A dor da queda mal se sente, mas a lâmina que me atravessava agora a pele da perna fazia uma cascata vermelha jorrar do ferimento. Com as minhas mãos procuro estancar o sangue e, encontrando um tecido roxo perto de mim, pego-o sem pensar e enrolo-o na perna. Faço tudo isto com gemidos angustiados, mas procurando que não me ouçam. Vá, Mafalda, - penso - tu consegues, já passaste por isto antes... E levanto-me apoiando-me apenas na perna direita e segurando-me onde consigo, para recorrer à gaveta do meu quarto. Com a mão livre arranco a minha pequena garrafa de uma bebida alcoólica qualquer, que já estava aberta há demasiado tempo, e um pequeno quadrado de papel com uma linha enrolada e uma agulha presa entre as dobras desta.

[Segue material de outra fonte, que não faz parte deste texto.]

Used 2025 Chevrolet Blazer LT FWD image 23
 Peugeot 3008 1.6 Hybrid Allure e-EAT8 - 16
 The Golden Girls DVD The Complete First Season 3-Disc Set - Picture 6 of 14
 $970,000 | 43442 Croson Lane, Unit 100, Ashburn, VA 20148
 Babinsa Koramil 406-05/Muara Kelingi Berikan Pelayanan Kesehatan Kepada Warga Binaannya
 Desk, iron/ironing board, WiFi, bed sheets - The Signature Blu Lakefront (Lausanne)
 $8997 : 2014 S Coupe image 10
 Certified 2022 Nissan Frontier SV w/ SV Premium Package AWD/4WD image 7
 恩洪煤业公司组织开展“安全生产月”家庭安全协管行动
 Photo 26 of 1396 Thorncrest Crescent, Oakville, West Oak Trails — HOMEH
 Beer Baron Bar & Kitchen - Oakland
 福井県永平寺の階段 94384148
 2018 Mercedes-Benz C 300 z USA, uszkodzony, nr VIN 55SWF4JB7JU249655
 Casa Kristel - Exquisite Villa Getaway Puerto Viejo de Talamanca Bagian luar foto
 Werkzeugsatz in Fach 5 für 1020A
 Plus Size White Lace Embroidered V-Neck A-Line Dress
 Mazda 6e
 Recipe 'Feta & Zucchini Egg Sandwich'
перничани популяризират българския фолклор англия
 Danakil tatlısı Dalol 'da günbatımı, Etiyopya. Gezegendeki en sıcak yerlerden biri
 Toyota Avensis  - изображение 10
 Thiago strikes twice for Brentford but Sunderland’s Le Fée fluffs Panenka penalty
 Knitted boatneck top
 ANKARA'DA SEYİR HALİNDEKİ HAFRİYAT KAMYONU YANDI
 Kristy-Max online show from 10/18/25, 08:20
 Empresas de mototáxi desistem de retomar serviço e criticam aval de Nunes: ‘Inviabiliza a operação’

Respiro fundo e retiro também, da caixa redonda, um cigarro e o isqueiro. Acendo-o com dificuldade e deixo-o a flutuar nos meus lábios molhados pelas lágrimas silenciosas que caíam dos meus olhos. Entre baforadas de fumo e do cheiro a tabaco, enfio a linha na agulha com uma perícia que gostava de não ter adquirido por razões óbvias, pelo menos aos meus olhos. Ao desenrolar o tecido roxo manchado de encarnado, atiro-o para o meu lado e lanço-lhe um olhar, o que me leva a ficar estática. O cigarro cai-me dos lábios, os teus olhos abrem-se muito, o meu queixo treme e a agulha cai na pele onde a lâmina ainda está espetada, como as espadas usadas para combater os infiéis estavam espetadas nos seus inocentes corações.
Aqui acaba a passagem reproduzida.